While the drag queen presidential debate challenge on RuPaul’s Drag Race might seem a little far-fetched, like so much on the show it is actually a homage to real queer history. Following an earlier bid for mayor of Chicago as detailed in the film Drag in for Votes, in 1992 Joan Jett Blakk announced, “We’re going to put a drag queen in the White House” launching her campaign under the Queer Nation banner. Rightly pointing out, “If a bad actor can be elected president, why not a good drag queen!” It was a bid that recently inspired Tina Landau and Tarell Alvin McCraney play Ms. Blakk For President, which premiered at the Steppenwolf Theatre Upstairs in 2019.
In the new documentary short The Beauty President, which is world premiering at SXSW Online until Saturday March 20th, director and editor Whitney Skauge artfully weaves together a present day interview with the man behind the drag persona, Terence Alan Smith, and archive footage from the herstoric campaign trail. The charismatic Smith is an engaging storyteller, and there’s a comedy thriller aspect to his description of getting into drag at the Democratic National Convention, aided by Khamani Hagood’s gorgeous score, along with some fantastic footage from the convention floor with Joan in full drag bringing “queer issues to the campaign right here right now in a dress”; this segment is the highlight of the film.

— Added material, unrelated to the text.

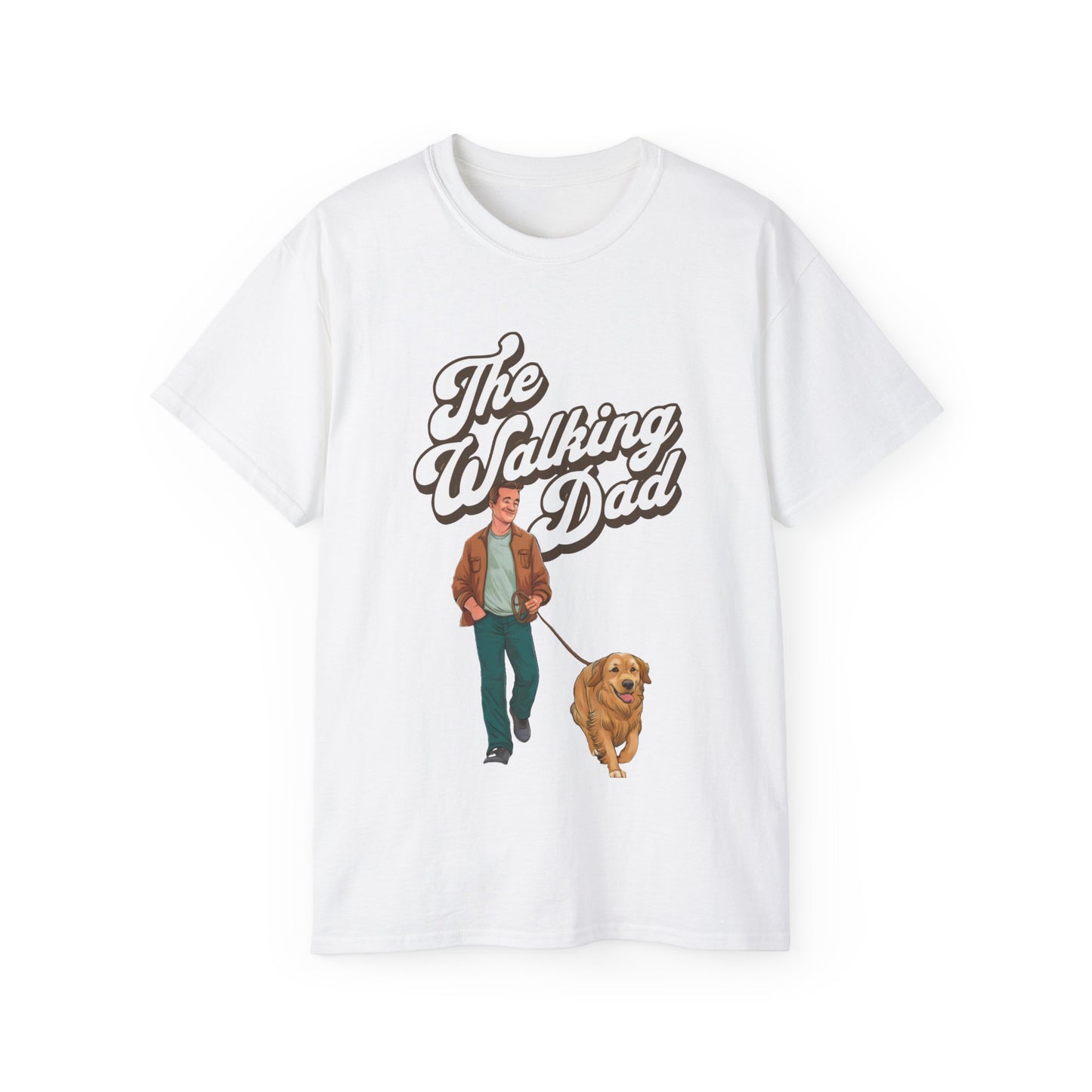 Cute Funny Dog Cartoon the Walking Dad Meme Unisex Organic T-Shirt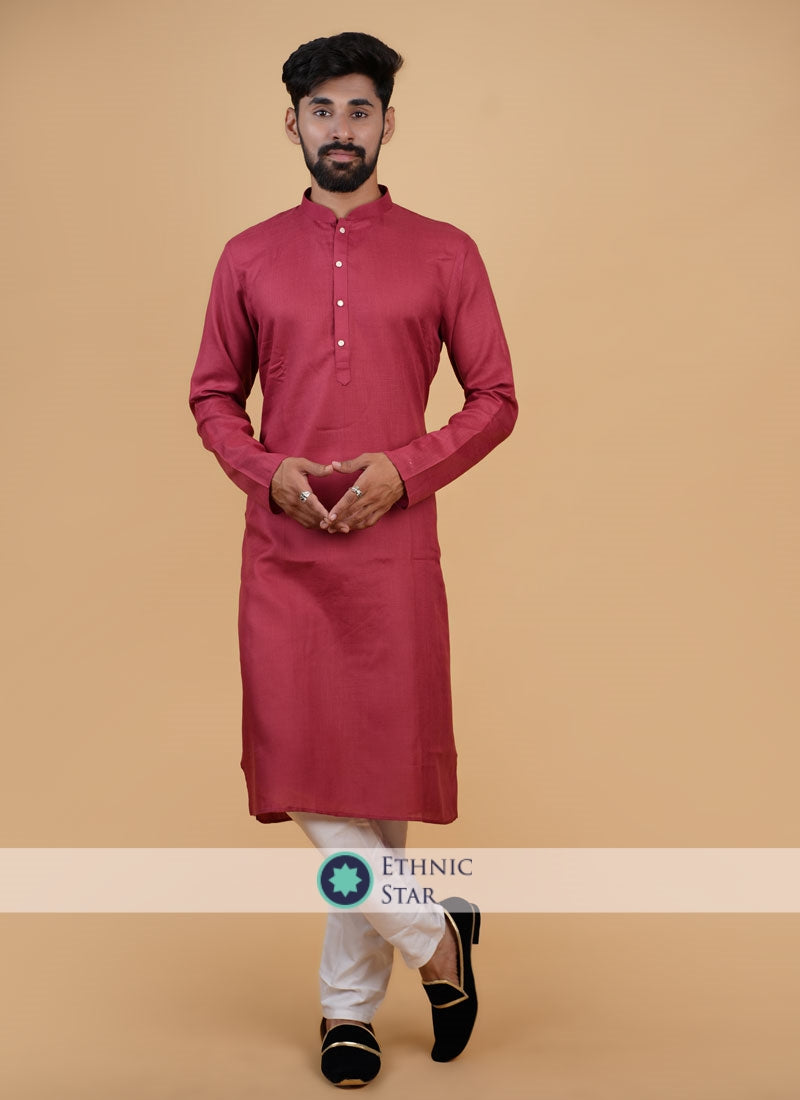 Classy Red Mens Kurta Pajama In Cotton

“At some point I realized that I made a little dent in history”, Smith says as he reflects on coming out, the negligence of the US government towards those dying of AIDS which sparked his presidential run, and deciding that increased queer visibility could only help move things forward for the LGBTQ+ community. At one point we see Joan being interviewed on the street and asked about everyone looking at her and shaking their heads, her immediate response being, “They don’t know beauty when they see it. They should be shaking their heads at George Bush being President of America and not doing a damn thing about AIDS or healthcare.”
Blakk’s love-led campaign promise was “to be the beauty President”, saying that “everything was going to be beautiful”, and it wasn’t merely a stunt, she had considered answers to all the issues of the day and plans to abolish the police and switch the military’s budget with the funds devoted to education.
Although there is plenty of humour in the film, it is particularly moving and poignant as Smith talks about his experience of the AIDS crisis and how he keeps the memory of the many friends he lost alive.
Fittingly, given the title of the film, The Beauty President looks stunning, with the new Terence Alan Smith interview shot digitally by Haley Watson, then filtered and graded so it has the grain and richness of film, along with some new shots of Smith on 16mm, which gives a fluidity to the documentary as it moves between present day and 1992.
A sensitive, touching portrait of a fierce Black queen who made history, spreading some much-needed love and hope, while increasing queer visibility, and looking beautiful while doing it. A gem of film, which I’d love to see expanded into a feature.
By James Kleinmann
The Beauty President had its world premiere at SXSW Online 2021 and is available to watch until Saturday March 20th.